Do you know any Sites for Data Sets 💻

Aside from Kaggle… Are there any other sites for obtaining Datasets.

If someone know, then please tell us.

Hi Vishal,
Yep, there are tons of sites!
Many cities (worldwide I would assume) have open data portals where you can grab city (or state data in the case of the US) data in a .csv or a json file.
Ex: NYC Open Data

The U.S. Census also has a TON of data.

I’ve downloaded data from both. There’s lots of clean up involved with Census data, but I just do that in Excel or with something like Open Refine.

Anything you’re interested in–gov, art, sports, etc. probably has online repositories for their data. Because I’m a baseball nerd, I’ve also gotten data from Baseball Reference dot com. (They’re an example of a site that forbids scraping. They will ban your IP if you do scrape. All their data is available for copying/pasting as a csv file.)

Oh, and I recently realized that the NY Met Museum allows ppl to scrape data from their site. I want to do that soon.

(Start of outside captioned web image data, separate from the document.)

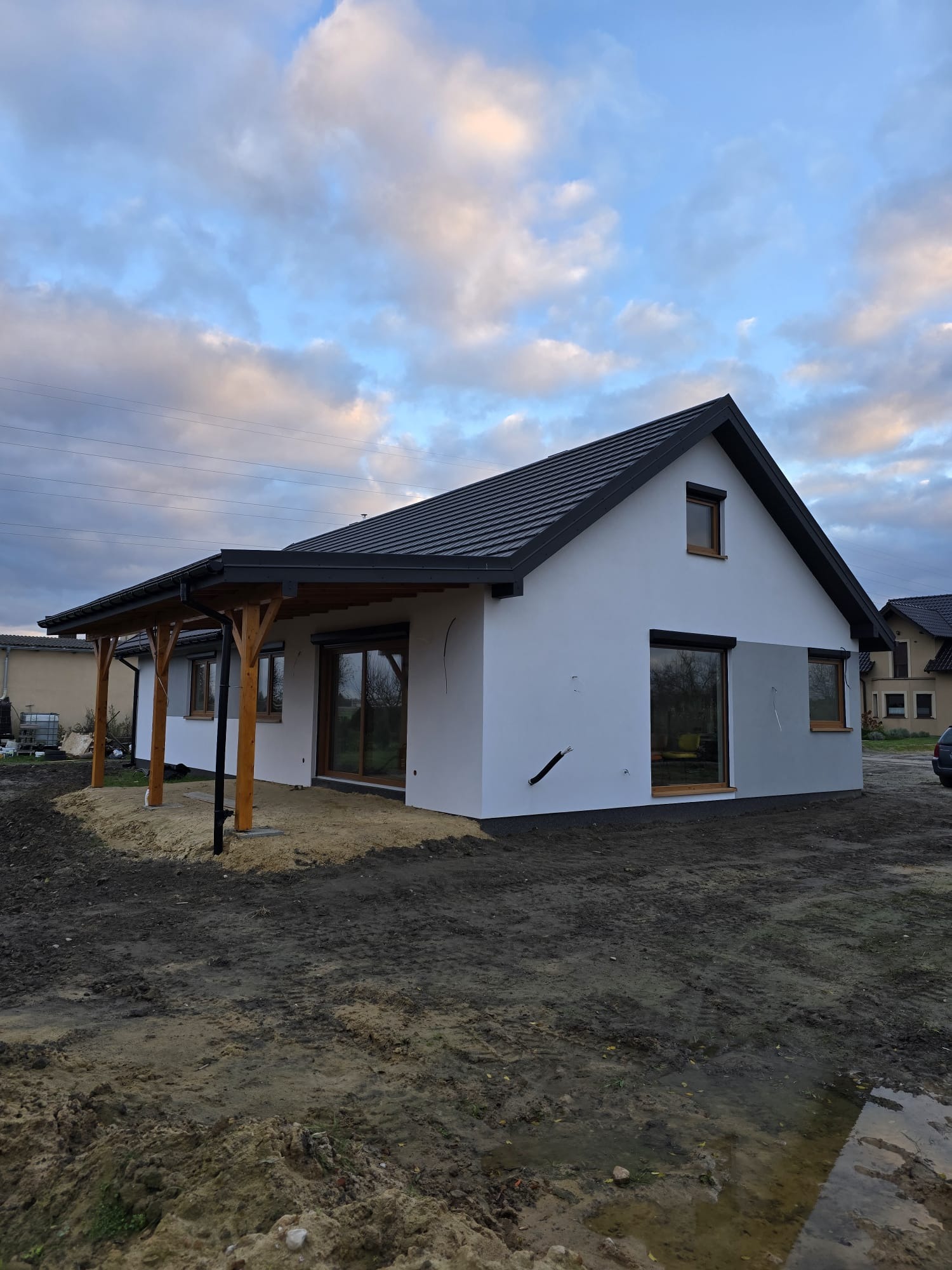 Surowy stan elewacji jednokondygnacyjnego domu z drewnianą konstrukcją zadaszenia tarasu i czarną dachówką, widok z zewnątrz na tle pochmurnego nieba.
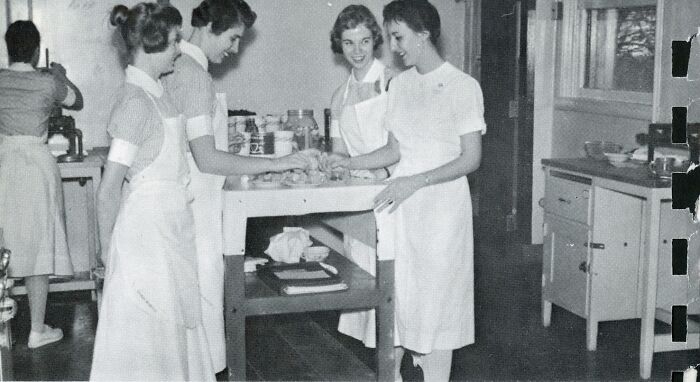 Vintage photo of nurses in classic uniforms gathered around a table, showcasing healing and hope from the past.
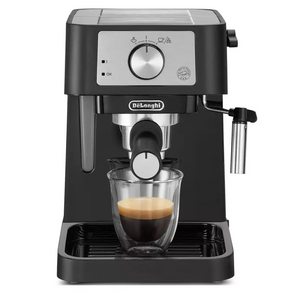 DeLonghi Stilosa black espresso coffee machine with stainless steel portafilter dispensing espresso into a glass cup, featuring rotary dial control panel and drip tray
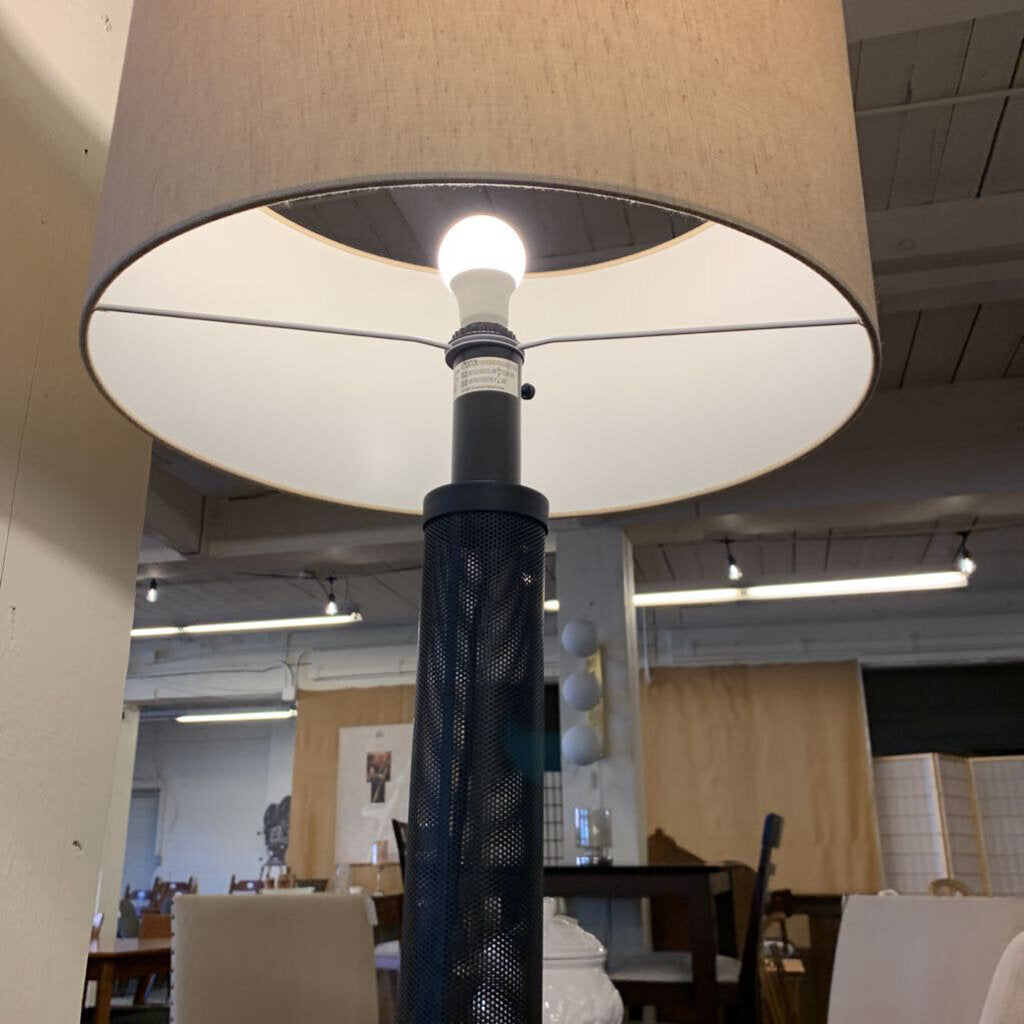 Close-up of a lamp with a beige shade in an indoor setting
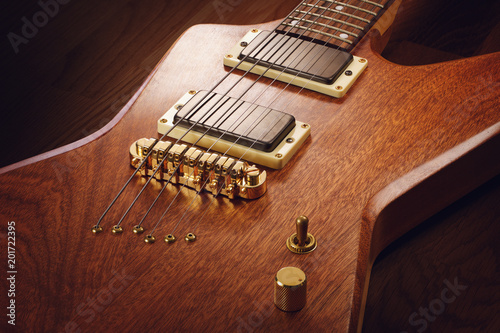 Close up on the body of electric guitar with natural finish, dark wooden background photo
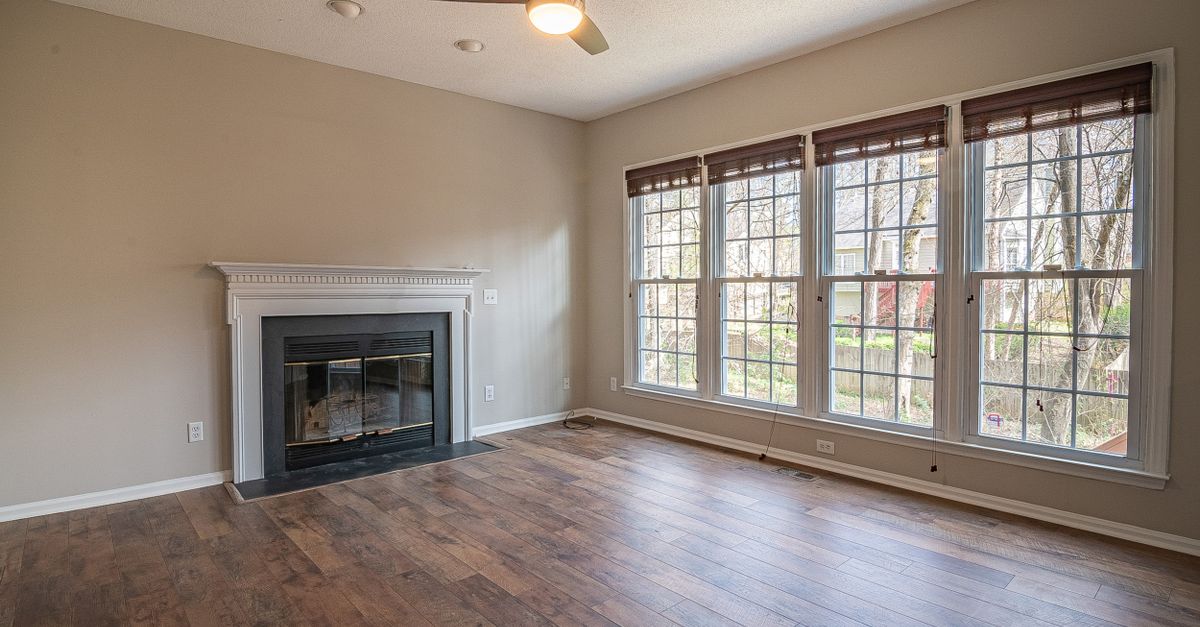 A bright and spacious modern living room interior with a fireplace and large windows.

If you know how to build a web scraper, you can grab data from websites that way too. BUT, read the site’s guidelines/rules about scraping data from their sites. Many don’t allow it and others have very stringent rules. Here are some guidelines.

Maybe these will be of some interest too?


Reddit, discord, and irc are surprisingly deep in terms of resources. It’s good to keep an eye out and see what they have to offer.

And why not making your own dataset!

Have you heard of this?

You can download the Science Journal app (both Android and iOS) and collect data from your microphone (decibel levels) or from the gyros and accelerometers and then export those data points for analysis!!

Example project: How about collecting noise levels at different places like your living room, a subway station, a restaurant, etc and trying to use K-Means to try and identify each location!